Yields on Nigerian bonds declined on Wednesday after the central bank slashed its cash reserve ratio by 6 percentage points to boost liquidity in the banking system but interest rates remained high at the interbank market, traders said.
“We have seen yields dropping this morning in response to the expected increase in liquidity,” one dealer said.
Nigeria’s central bank kept its benchmark interest rate on hold at 13 percent on Tuesday but loosened monetary policy by cutting banks’ cash reserve ratio to 25 percent to ease liquidity shortages.
The central bank had acted to ease liquidity shortages after authorities forced commercial banks to move government revenue to a Treasury Single Account (TSA) at the central bank, part of a drive to fight corruption.
Yields on Nigerian debt, which had risen to 17 percent after JP Morgan said two weeks ago it would to remove Nigerian bonds from a key emerging markets index by October, slipped below 15 percent.

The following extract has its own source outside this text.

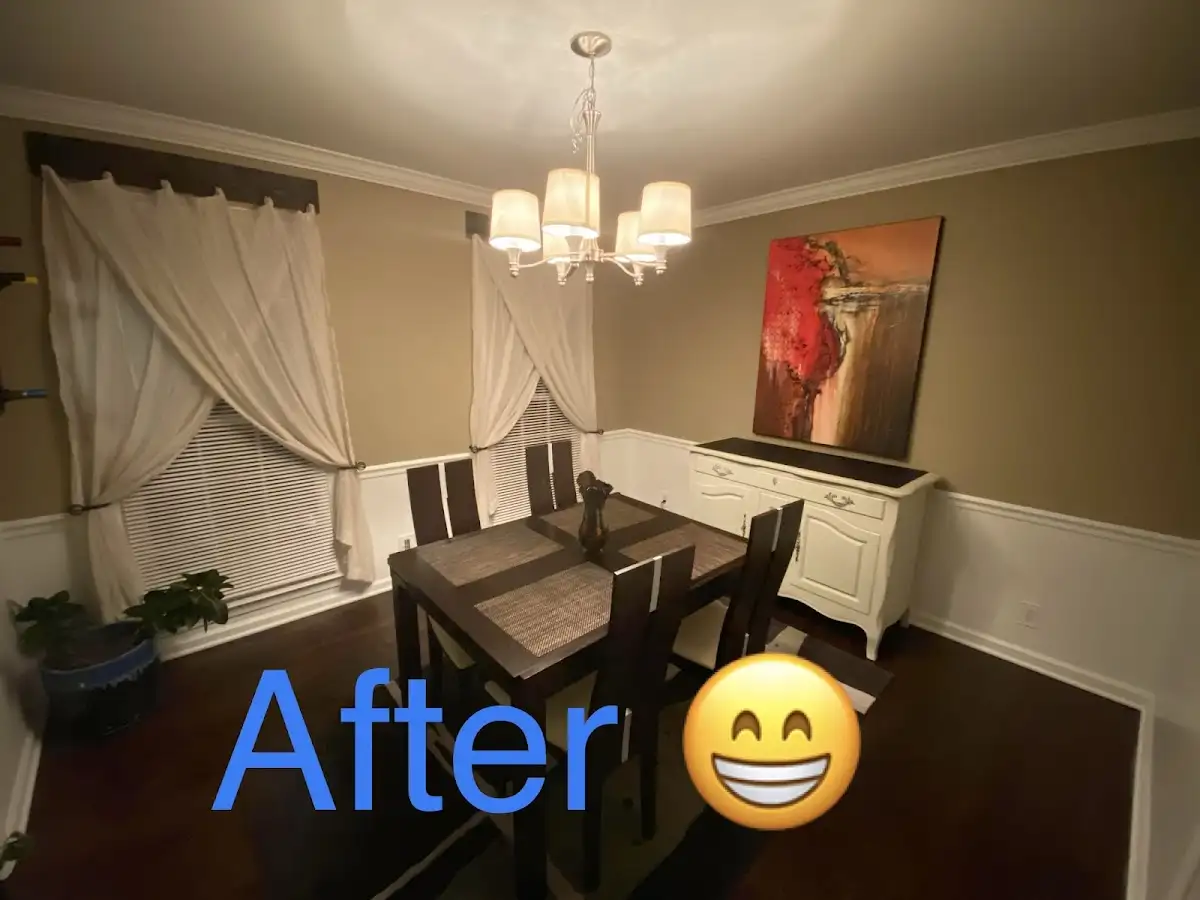 Professional dining room restoration after water damage in Yazoo City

The benchmark 2024 bond was quoted at 14.93 percent on Wednesday, down from 15.15 percent on Tuesday before the central bank’s move. The 2020 paper was trading at 14.99 percent against 15.18 percent closed on Tuesday, while the longest tenor 2034 was quoted at 14.99 percent from 15.16 percent.
But at the same time overnight lending rates were quoted at between 30-50 percent from 15.5 percent the previous day, banking sources and traders said.
Traders said there was a liquidity deficit of about 110 billion naira on Wednesday but banks were holding off deals until an expected injection of cash when the new cash reserve requirement (CRR) would show its effect.
“No one is borrowing at such a high rate for now, most fund takers are quoting between 8-9 percent for overnight because of the expectation of an increase in liquidity,” another dealer said.
Some analysts have put the amount sucked out of the banking system at around 1.2 trillion naira or 10 percent of deposits but Bismarck Rewane, chief executive of Lagos-based consultancy Financial Derivatives, said outflows were in the range of 250 billion naira.
Central bank governor Godwin Emefiele declined on Tuesday to specify the amount transferred, saying only people should not believe estimates quoted in newspapers.